### TASK TO COMPLETE
Output every record exactly, and nothing more.

### PROVIDED ENTRIES
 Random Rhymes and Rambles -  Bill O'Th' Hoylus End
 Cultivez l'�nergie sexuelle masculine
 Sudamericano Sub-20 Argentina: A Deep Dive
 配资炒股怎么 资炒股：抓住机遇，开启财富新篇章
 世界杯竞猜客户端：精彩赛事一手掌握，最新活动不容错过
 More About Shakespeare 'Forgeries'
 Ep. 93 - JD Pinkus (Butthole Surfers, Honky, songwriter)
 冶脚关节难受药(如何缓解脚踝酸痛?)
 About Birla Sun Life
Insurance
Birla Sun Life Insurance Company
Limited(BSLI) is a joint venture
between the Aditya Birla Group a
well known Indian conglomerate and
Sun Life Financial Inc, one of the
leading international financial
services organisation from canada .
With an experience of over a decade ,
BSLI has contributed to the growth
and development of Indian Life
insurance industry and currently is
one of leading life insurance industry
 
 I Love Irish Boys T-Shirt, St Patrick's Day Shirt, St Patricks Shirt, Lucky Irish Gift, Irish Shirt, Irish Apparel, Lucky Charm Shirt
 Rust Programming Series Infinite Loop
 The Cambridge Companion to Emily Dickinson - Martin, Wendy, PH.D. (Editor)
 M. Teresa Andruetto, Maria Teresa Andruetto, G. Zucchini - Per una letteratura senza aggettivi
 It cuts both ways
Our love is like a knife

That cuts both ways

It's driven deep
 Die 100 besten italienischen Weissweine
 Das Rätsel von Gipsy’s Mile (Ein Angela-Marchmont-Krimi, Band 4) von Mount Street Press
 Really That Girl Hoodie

### SOLUTION FOR THIS PROBLEM
 Random Rhymes and Rambles -  Bill O'Th' Hoylus End
 Cultivez l'�nergie sexuelle masculine
 Sudamericano Sub-20 Argentina: A Deep Dive
 配资炒股怎么 资炒股：抓住机遇，开启财富新篇章
 世界杯竞猜客户端：精彩赛事一手掌握，最新活动不容错过
 More About Shakespeare 'Forgeries'
 Ep. 93 - JD Pinkus (Butthole Surfers, Honky, songwriter)
 冶脚关节难受药(如何缓解脚踝酸痛?)
 About Birla Sun Life
Insurance
Birla Sun Life Insurance Company
Limited(BSLI) is a joint venture
between the Aditya Birla Group a
well known Indian conglomerate and
Sun Life Financial Inc, one of the
leading international financial
services organisation from canada .
With an experience of over a decade ,
BSLI has contributed to the growth
and development of Indian Life
insurance industry and currently is
one of leading life insurance industry
 
 I Love Irish Boys T-Shirt, St Patrick's Day Shirt, St Patricks Shirt, Lucky Irish Gift, Irish Shirt, Irish Apparel, Lucky Charm Shirt
 Rust Programming Series Infinite Loop
 The Cambridge Companion to Emily Dickinson - Martin, Wendy, PH.D. (Editor)
 M. Teresa Andruetto, Maria Teresa Andruetto, G. Zucchini - Per una letteratura senza aggettivi
 It cuts both ways
Our love is like a knife

That cuts both ways

It's driven deep
 Die 100 besten italienischen Weissweine
 Das Rätsel von Gipsy’s Mile (Ein Angela-Marchmont-Krimi, Band 4) von Mount Street Press
 Really That Girl Hoodie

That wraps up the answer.